While certainly not its intention, this article stands along with Jason Thompson's moe article from a few weeks back as major pillars of discussion about moe and its culture. So, I'd suggest you read both pieces, along with the commentary from Mutantfrog and Japan Probe that I linked above before heading into this. There's a lot to talk about here.
And what you'll find after the jump isn't some specific response to the articles above, but more trying to put my own thoughts on moe and what it means into a more concrete form. I'd really love for all of you to join me in sharing your own thoughts in the comments below.
What on Earth is moe?
That's a question that you really can't tackle. There's the budding/burning love definition tossed around a lot, but that really doesn't do much for me in trying to come to terms with the concept. I can point to shows like K-ON and most any romantic comedy, where I find myself excited whenever a particular character comes on screen. It does translate itself into an affection towards the character. Just look at my love of Kagami of Lucky Star, for example.

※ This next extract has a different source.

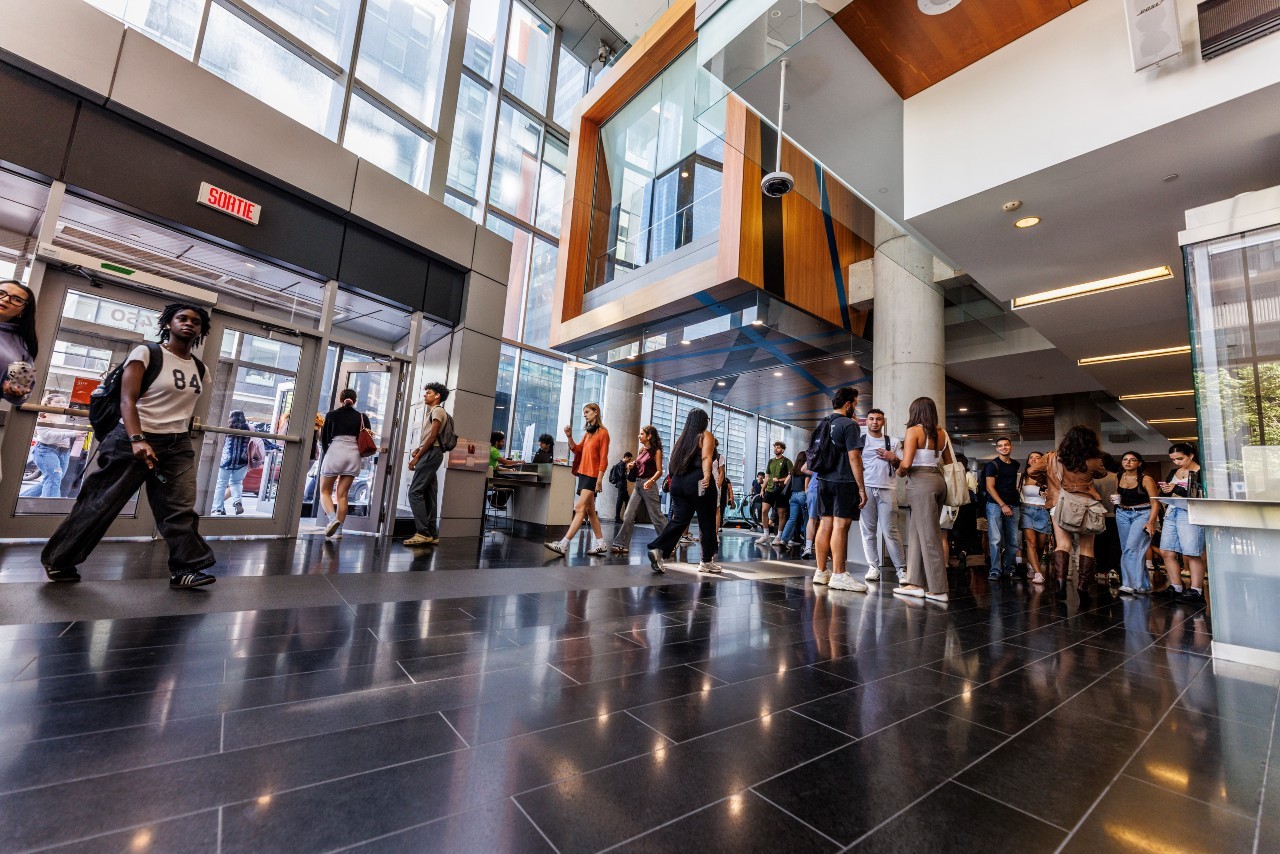 Students walking through the lobby of MB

Really, it's nothing all that special when you think about it: it's the love of fictional characters. I think what distinguishes the "moe" from simply loving a character in any sort of work is the culture that surrounds it in Japan -- how aware everyone is about it, and how much of a commerce it's been boiled down to.

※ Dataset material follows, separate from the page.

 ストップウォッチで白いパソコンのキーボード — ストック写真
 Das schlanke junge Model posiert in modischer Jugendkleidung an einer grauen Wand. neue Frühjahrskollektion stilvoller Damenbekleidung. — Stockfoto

What I mean is that in the past several years, moe has literally become an economic force. You see towns with ailing tourism getting an otaku makeover, or businesses will moe-fy their products in order for it to sell more. And so more and more products -- especially shows -- are geared towards include some moe (or be entirely made up of it) in order to sell better, both as a show and in the ancillary market where hardcore fans will buy excessive amounts of items related to the character of their desire.
It's not as though creators go out with the intention of creating moe works, but there are many steps in the whole process of getting a manga and anime put together and released to the public, so somewhere in there is a conscious decision to include moe. While I'm a bit out of the current scene of what's happening in Japan, moe is still a driving force in what gets made and what is successful, although I have to wonder how long the trend will last.
The danger of moe
This is what both Katayama and Thompson were talking about, to an extent. From Thomspon's article, part of the danger of moe is the mixed motives people have in their love of moe -- especially towards underaged girls, one of the largest moe generators (just look at Azumanga Daioh, Yotsuba, and the like.)

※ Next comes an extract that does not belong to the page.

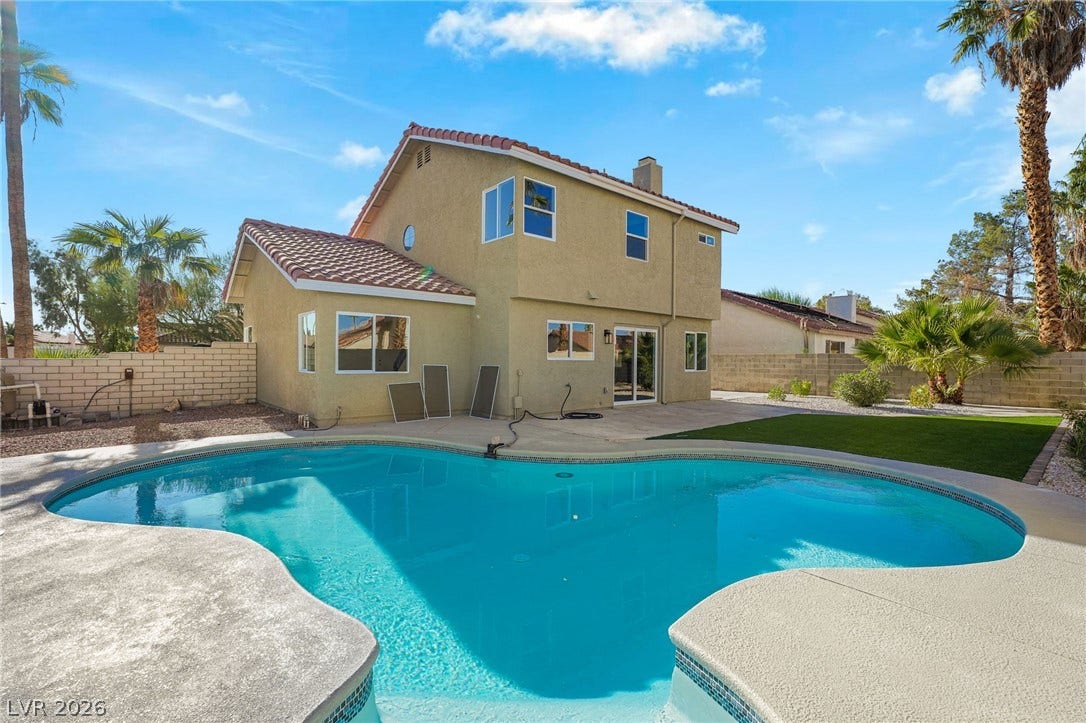 An inviting backyard oasis features a shimmering in-ground pool alongside a classic stucco exterior.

Meanwhile, Katayama's article shows things from a state wheere people have crossed the line -- gone over into a more extreme level of 2-D love. While certainly not the norm, it is a headline grabber and a popular target. for lampooning otaku. To me, it shows the power of moe and how strongly it can affect those who have bad luck in life.
What moe means to me
Really, it depends on the character. A character like Kagami is someone who I'd want to marry. Someone like Triella from Gunslinger Girl is what I'd like to see in a daughter of my own. The thing is, all these characters represent idealized traits that I'd love to see. I don't expect to actually find someone who is just like Kagami, but if I found someone who was actually responsible, but had a much more personal side that also tolerated my otakudom? Sign me up.
That's the same feeling I got when talking with Topher about Yuki fromThe Melancholy of Suzumiya Haruhi. She's the antithesis of the loud, noisy, and drunk girls you find all across the Eastern seaboard. Again, it's about the personality and what she represents. Sure, Yuki and Kagami look nice to both of us, but it's really the meaning behind the character that we're in love with, and I think that's true for a lot of people. We're not buying daimakura with girls on them, because the attraction simply doesn't work that way.
So, that's what moe means to me. What about for the rest of you? How do you view your own attractions towards fictional characters? What about the moe scene in general?